Friday 19 November 2021

Kevin Prufer : part one

Kevin Prufer’s seventh book How He Loved Them (Four Way Books, 2018) received the Julie Suk Award and was long-listed for the 2019 Pulitzer Prize.  His eighth book, The Art of Fiction, was published this year by Four Way Books.  He teaches in the graduate Creative Writing Program at the University of Houston where he also curates the Unsung Master Series, a book series devoted to bringing great, forgotten authors to new generations of readers.

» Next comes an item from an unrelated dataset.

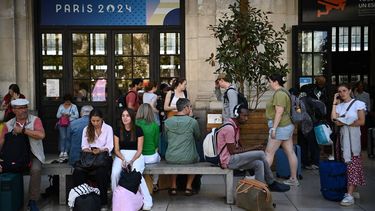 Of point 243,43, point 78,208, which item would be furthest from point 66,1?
point 78,208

Photo credit: Emy Johnston

How did you first engage with poetry?

I went to a classy boarding school—ivy-covered red brick, wealthy kids, grave faculty masters who doled out punishments for dress code violations and other misbehaviors.  We ate dinner in our green school ties beneath ancient portraits of faculty masters of the past.  I had one teacher who required that we memorize a poem each week.  Every Saturday, we sat in class and wrote the poem out longhand.  For each error—a missed comma, a forgotten word—we lost a grade.  And every poem he gave us was longer than the previous one.   I’m not sure what the objective of all this was.  Perhaps we were meant to learn comma rules this way, because no one could memorize the placement of every comma in “My Last Duchess”; one had to know the rules.  I don’t think these assignments awakened any interest in the other students, most of whom seemed to me to be destined to go on to great jobs in banking, medicine, or law.  And I complained like everyone else, though the poems took root inside me and grew there.  The rhythms, the odd rhymes, the wonderful pair of ragged claws scuttling across the silent sea floor.